§ **Problem statement**: Pictures aside, quote the whole listing exactly.

§ **Data below**:
- - - - -

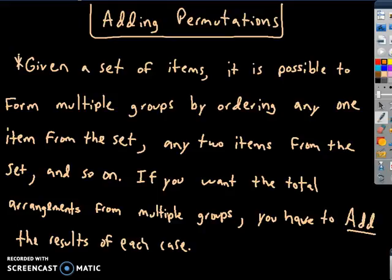This video is about adding permutations. Given a set of items, it's possible to form arrangements of different groups by ordering one item from the set, any two items from the set, and so forth. So if you want a total arrangement from multiple groups, you have to add up the results of each case.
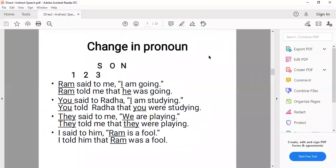Example: 'Ram said to me, I am going.' Ram is the subject in the reporting verb, and 'I' is the first person subject in the reported speech. So 'I' changes with 'Ram'. The indirect form is: 'Ram told me that he was going.' Note: 'said' changes to 'told' when an object is given. Tense changes from 'am' to 'was'. Inverted commas are removed.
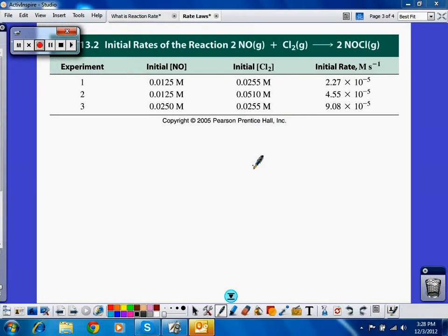Let's look at how we determine experimentally a rate law for a reaction. We have a generic reaction and some experimental data about that reaction — initial concentrations and initial rates given those concentrations. What we're going to do is look at how concentrations affect the rate in each trial.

- - - - -

§ **Answer to this task**:
This video is about adding permutations. Given a set of items, it's possible to form arrangements of different groups by ordering one item from the set, any two items from the set, and so forth. So if you want a total arrangement from multiple groups, you have to add up the results of each case.
Example: 'Ram said to me, I am going.' Ram is the subject in the reporting verb, and 'I' is the first person subject in the reported speech. So 'I' changes with 'Ram'. The indirect form is: 'Ram told me that he was going.' Note: 'said' changes to 'told' when an object is given. Tense changes from 'am' to 'was'. Inverted commas are removed.
Let's look at how we determine experimentally a rate law for a reaction. We have a generic reaction and some experimental data about that reaction — initial concentrations and initial rates given those concentrations. What we're going to do is look at how concentrations affect the rate in each trial.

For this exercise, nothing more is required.